The top US military commander for Latin America said in an April 19 news conference that the deployment of warships and aircraft to the region for anti-narcotics operations is aimed at disrupting transnational criminal organizations and should not be seen as a move against Venezuela’s President Nicolás Maduro.

But Venezuela’s involvement in drug smuggling will be a focus of interdiction efforts, said Adm. Craig Faller, head of US Southern Command (SOUTHCOM). Though he did not provide specific numbers, Faller said drugs transiting Venezuela had increased 50 percent in recent years.

SEE ALSO: Venezuela News and Profile

“That makes the narcotraffickers who work in and out of Venezuela a target for our disruption, dismantlement, and defeat operations like any other transnational criminal organization,” he said.

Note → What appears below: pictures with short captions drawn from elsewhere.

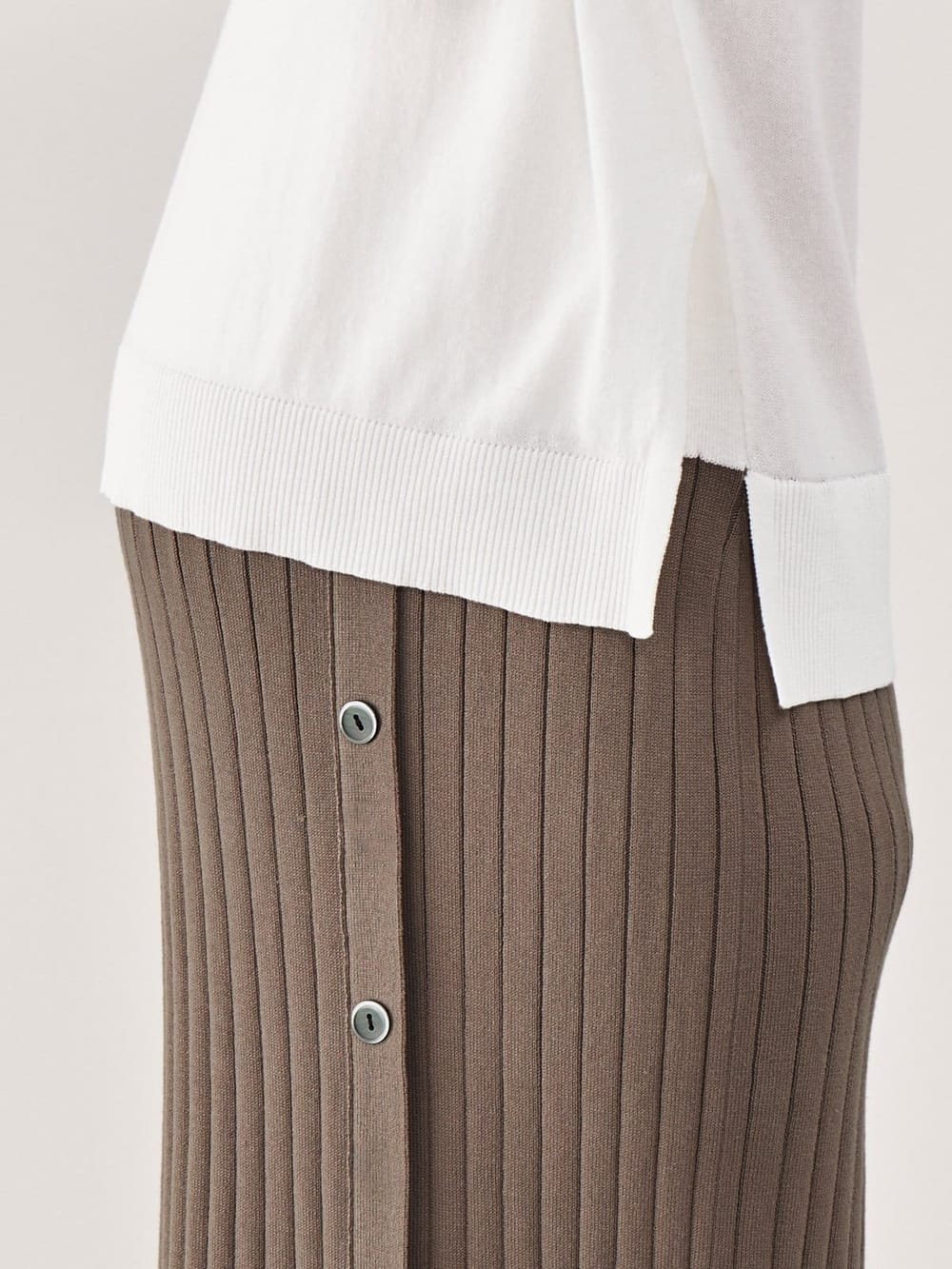 マタニティ ワンピース|レイヤード風ニットワンピース　マタニティ・授乳服【出産後も長く使える】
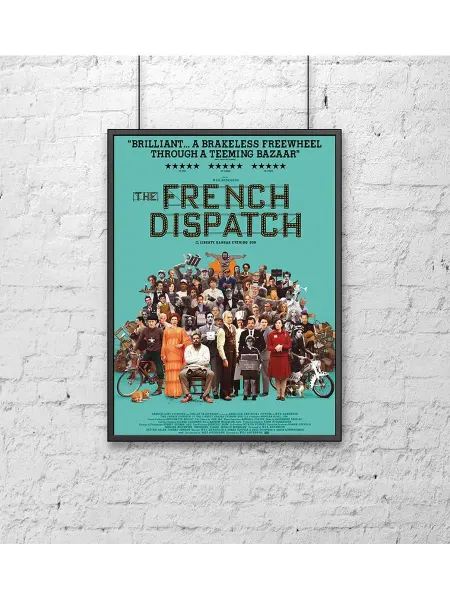 Poster Mall Постер на стену Кино Французский Вестник (The French D 30х40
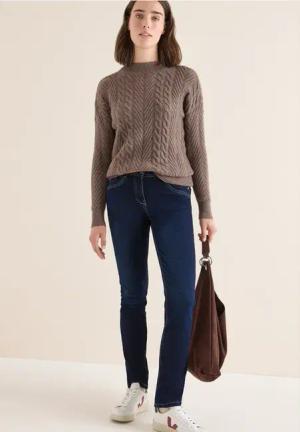 Cecil Damen Jeans im Skinny Fit in Blau, Gr: 33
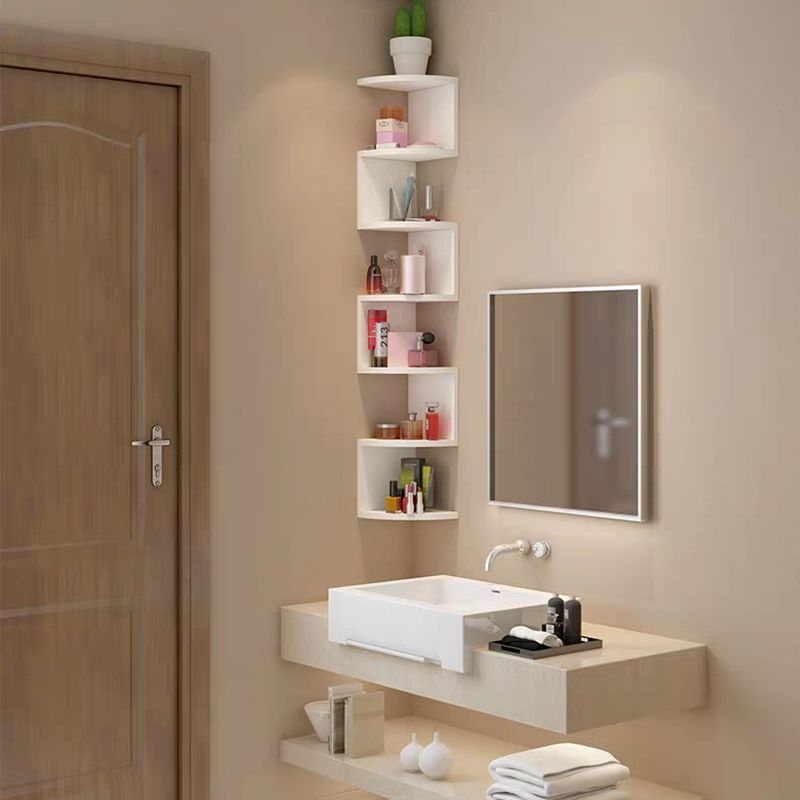 Contemporary Wall Mounted Bookcase Engineered Wood Bookshelf Clearhalo 'Bookcases' 'Furniture' 'furniture_bookcases' 'Office Furniture' 1200x1200_ec5e9cc9-768f-4655-aaa9-1de459fc3421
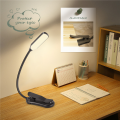 Reading Light with 3 Colors, Book Light for Reading in Bed Rechargeable Reading Lights for Books Black 2Pcs.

The deployment was first announced at an April 1 White House briefing. Defense Secretary Mark Esper said then that the naval deployment would double SOUTHCOM’s capacity to conduct anti-drug operations in the region. The phalanx of naval assets that will take part in the mission include destroyers, littoral combat ships, Coast Guard cutters, P-8 patrol aircraft, helicopters, and surveillance drones.

“Transnational criminal organizations continue to threaten our security by smuggling cocaine, fentanyl, methamphetamines and other narcotics across our borders,” Esper said, adding that “corrupt actors, like the illegitimate Maduro regime in Venezuela, rely on the profits derived from the sale of narcotics to maintain their oppressive hold on power.”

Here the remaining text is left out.